**** DATA FOR THIS TASK ****
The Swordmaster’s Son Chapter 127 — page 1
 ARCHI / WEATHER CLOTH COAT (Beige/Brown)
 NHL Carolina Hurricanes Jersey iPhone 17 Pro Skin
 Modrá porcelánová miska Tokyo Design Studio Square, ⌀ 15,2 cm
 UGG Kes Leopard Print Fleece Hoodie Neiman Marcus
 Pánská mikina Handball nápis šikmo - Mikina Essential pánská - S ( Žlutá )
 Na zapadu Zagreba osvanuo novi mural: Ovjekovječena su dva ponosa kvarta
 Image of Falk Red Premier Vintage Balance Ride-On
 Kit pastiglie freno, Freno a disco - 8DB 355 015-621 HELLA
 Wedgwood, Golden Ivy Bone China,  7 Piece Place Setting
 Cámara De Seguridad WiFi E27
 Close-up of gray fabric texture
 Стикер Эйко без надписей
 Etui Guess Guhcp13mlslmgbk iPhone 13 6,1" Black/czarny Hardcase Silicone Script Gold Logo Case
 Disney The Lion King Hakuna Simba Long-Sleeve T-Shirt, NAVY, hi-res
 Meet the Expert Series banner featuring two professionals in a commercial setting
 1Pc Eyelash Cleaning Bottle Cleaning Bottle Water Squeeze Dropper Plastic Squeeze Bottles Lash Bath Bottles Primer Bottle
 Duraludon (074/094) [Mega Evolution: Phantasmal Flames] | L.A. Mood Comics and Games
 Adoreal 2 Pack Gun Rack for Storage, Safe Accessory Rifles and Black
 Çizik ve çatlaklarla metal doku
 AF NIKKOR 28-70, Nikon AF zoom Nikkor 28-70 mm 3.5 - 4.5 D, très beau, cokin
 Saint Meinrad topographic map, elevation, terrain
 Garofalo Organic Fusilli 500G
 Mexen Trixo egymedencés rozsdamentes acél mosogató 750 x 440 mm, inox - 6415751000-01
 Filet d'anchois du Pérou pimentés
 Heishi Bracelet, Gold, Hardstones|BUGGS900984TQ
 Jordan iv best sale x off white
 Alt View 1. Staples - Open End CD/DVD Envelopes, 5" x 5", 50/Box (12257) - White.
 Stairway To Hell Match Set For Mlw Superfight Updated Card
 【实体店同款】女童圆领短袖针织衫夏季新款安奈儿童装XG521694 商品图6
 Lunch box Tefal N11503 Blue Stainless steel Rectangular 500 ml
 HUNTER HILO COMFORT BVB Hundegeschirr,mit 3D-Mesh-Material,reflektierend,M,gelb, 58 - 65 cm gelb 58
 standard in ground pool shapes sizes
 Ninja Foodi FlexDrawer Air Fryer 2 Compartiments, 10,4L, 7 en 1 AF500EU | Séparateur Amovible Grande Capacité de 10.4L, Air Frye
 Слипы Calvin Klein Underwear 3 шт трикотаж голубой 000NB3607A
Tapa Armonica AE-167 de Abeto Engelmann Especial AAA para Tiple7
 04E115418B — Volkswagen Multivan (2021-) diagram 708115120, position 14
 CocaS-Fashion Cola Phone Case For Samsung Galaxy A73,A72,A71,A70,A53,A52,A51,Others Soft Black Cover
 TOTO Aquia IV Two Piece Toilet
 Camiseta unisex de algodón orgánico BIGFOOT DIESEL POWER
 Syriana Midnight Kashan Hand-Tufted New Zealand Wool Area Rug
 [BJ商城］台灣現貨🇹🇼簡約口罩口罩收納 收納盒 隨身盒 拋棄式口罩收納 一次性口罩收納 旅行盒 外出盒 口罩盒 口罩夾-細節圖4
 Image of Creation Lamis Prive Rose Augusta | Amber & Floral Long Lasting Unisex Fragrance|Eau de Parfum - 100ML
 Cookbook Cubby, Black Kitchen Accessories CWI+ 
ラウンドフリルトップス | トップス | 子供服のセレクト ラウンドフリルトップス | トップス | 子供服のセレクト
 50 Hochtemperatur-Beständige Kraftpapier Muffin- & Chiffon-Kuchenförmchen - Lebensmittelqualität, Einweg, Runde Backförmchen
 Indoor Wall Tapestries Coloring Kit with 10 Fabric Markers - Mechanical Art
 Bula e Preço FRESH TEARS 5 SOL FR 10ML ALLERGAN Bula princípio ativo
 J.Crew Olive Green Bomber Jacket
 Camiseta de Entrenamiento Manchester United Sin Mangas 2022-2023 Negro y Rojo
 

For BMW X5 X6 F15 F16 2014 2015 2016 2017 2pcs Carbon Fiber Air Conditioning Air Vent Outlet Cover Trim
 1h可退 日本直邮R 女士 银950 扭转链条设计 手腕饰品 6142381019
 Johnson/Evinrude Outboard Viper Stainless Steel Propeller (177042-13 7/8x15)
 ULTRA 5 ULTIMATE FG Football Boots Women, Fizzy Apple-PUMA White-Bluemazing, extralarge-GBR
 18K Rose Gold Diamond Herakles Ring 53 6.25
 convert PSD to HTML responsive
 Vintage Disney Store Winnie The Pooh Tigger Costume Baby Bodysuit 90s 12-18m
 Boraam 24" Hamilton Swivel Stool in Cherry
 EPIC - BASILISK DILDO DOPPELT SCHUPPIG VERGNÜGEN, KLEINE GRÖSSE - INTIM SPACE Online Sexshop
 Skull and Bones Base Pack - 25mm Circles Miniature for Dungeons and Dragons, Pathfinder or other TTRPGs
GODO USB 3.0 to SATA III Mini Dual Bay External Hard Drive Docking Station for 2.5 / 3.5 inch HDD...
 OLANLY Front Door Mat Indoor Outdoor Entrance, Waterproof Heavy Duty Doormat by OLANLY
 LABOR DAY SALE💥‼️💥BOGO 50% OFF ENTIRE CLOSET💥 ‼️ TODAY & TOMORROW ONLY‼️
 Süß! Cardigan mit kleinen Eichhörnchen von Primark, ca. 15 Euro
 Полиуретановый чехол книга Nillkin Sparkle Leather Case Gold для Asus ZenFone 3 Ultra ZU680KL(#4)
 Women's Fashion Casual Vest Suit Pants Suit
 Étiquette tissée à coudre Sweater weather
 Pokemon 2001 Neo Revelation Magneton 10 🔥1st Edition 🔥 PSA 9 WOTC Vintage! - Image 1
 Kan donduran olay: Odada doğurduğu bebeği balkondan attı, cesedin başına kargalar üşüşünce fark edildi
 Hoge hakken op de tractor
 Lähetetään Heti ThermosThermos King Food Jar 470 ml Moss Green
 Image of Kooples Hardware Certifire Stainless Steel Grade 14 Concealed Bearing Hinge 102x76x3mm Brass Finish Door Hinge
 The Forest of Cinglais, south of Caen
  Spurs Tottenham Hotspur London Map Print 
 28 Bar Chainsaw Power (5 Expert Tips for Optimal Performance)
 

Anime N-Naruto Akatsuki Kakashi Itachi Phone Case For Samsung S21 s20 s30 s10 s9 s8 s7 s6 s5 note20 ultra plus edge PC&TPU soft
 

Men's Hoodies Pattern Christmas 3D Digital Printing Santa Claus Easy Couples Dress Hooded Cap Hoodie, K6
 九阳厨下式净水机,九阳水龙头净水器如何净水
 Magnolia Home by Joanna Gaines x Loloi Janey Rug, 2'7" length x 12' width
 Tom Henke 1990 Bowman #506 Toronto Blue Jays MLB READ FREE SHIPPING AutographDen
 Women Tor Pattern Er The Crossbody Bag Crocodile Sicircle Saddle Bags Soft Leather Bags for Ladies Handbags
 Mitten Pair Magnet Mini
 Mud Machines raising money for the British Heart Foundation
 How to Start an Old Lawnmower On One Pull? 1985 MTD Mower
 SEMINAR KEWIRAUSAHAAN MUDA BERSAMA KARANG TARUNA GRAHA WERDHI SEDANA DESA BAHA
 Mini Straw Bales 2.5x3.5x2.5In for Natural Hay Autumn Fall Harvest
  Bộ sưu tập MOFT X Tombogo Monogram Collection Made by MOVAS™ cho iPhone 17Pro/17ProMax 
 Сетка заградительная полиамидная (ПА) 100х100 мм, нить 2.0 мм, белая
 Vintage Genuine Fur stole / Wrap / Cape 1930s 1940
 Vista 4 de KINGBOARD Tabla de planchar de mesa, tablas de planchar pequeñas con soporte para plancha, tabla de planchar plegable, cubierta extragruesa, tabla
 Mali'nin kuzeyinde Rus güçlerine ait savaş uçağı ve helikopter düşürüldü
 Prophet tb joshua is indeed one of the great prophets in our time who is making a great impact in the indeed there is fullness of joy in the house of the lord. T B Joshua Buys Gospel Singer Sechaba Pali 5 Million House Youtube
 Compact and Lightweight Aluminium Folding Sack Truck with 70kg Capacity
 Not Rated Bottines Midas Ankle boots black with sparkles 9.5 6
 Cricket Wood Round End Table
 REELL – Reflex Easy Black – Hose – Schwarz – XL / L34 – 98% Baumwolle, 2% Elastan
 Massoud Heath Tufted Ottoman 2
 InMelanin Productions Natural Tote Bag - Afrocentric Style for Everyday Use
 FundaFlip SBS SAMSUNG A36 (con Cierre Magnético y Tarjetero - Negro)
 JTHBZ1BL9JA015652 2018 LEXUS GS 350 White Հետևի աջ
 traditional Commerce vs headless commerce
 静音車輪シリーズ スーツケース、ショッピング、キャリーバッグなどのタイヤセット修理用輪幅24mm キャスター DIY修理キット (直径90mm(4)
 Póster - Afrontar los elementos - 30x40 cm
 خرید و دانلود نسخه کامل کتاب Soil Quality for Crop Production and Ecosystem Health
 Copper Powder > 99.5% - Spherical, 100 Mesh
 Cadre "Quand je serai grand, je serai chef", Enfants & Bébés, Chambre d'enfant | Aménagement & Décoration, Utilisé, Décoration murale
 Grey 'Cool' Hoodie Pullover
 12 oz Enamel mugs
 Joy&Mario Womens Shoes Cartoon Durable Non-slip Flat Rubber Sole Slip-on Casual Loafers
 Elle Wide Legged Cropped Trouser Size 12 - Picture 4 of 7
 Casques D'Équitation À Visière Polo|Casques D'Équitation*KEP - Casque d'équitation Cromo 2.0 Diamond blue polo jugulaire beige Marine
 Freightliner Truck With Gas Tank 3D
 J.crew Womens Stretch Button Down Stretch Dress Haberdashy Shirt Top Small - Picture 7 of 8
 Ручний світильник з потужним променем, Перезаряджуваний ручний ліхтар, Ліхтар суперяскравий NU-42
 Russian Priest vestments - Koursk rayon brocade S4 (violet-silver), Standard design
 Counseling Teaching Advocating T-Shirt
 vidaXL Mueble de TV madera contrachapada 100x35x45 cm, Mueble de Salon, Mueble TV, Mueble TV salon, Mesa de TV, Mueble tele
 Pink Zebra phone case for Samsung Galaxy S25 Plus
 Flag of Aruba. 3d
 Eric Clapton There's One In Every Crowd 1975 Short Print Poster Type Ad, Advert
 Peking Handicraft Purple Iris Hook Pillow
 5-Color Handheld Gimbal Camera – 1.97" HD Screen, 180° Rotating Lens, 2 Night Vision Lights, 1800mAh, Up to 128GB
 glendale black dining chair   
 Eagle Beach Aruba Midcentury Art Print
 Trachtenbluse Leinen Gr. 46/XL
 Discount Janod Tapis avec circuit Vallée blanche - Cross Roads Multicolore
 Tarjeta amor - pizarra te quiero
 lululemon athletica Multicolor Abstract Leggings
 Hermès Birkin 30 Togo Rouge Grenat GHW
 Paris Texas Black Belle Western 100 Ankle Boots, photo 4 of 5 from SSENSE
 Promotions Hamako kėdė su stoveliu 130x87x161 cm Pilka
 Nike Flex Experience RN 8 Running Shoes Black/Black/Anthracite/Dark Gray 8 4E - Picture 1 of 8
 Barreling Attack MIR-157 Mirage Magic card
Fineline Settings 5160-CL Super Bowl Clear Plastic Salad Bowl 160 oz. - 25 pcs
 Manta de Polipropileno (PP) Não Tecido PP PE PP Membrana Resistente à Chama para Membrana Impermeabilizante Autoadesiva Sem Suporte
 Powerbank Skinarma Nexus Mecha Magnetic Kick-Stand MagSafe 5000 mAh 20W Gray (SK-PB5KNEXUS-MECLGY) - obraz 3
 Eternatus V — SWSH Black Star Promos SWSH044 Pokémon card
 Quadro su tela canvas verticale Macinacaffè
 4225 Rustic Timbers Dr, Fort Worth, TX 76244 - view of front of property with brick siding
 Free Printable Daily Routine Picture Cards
****
▶ [WHAT TO PRODUCE] Take the records above and return, word for word, only the lines that fall from the line with "Mitten Pair Magnet Mini" to the line with "traditional Commerce vs headless commerce", both of them included.

▶ [OUTPUT FOR THIS EXERCISE]
 Mitten Pair Magnet Mini
 Mud Machines raising money for the British Heart Foundation
 How to Start an Old Lawnmower On One Pull? 1985 MTD Mower
 SEMINAR KEWIRAUSAHAAN MUDA BERSAMA KARANG TARUNA GRAHA WERDHI SEDANA DESA BAHA
 Mini Straw Bales 2.5x3.5x2.5In for Natural Hay Autumn Fall Harvest
  Bộ sưu tập MOFT X Tombogo Monogram Collection Made by MOVAS™ cho iPhone 17Pro/17ProMax 
 Сетка заградительная полиамидная (ПА) 100х100 мм, нить 2.0 мм, белая
 Vintage Genuine Fur stole / Wrap / Cape 1930s 1940
 Vista 4 de KINGBOARD Tabla de planchar de mesa, tablas de planchar pequeñas con soporte para plancha, tabla de planchar plegable, cubierta extragruesa, tabla
 Mali'nin kuzeyinde Rus güçlerine ait savaş uçağı ve helikopter düşürüldü
 Prophet tb joshua is indeed one of the great prophets in our time who is making a great impact in the indeed there is fullness of joy in the house of the lord. T B Joshua Buys Gospel Singer Sechaba Pali 5 Million House Youtube
 Compact and Lightweight Aluminium Folding Sack Truck with 70kg Capacity
 Not Rated Bottines Midas Ankle boots black with sparkles 9.5 6
 Cricket Wood Round End Table
 REELL – Reflex Easy Black – Hose – Schwarz – XL / L34 – 98% Baumwolle, 2% Elastan
 Massoud Heath Tufted Ottoman 2
 InMelanin Productions Natural Tote Bag - Afrocentric Style for Everyday Use
 FundaFlip SBS SAMSUNG A36 (con Cierre Magnético y Tarjetero - Negro)
 JTHBZ1BL9JA015652 2018 LEXUS GS 350 White Հետևի աջ
 traditional Commerce vs headless commerce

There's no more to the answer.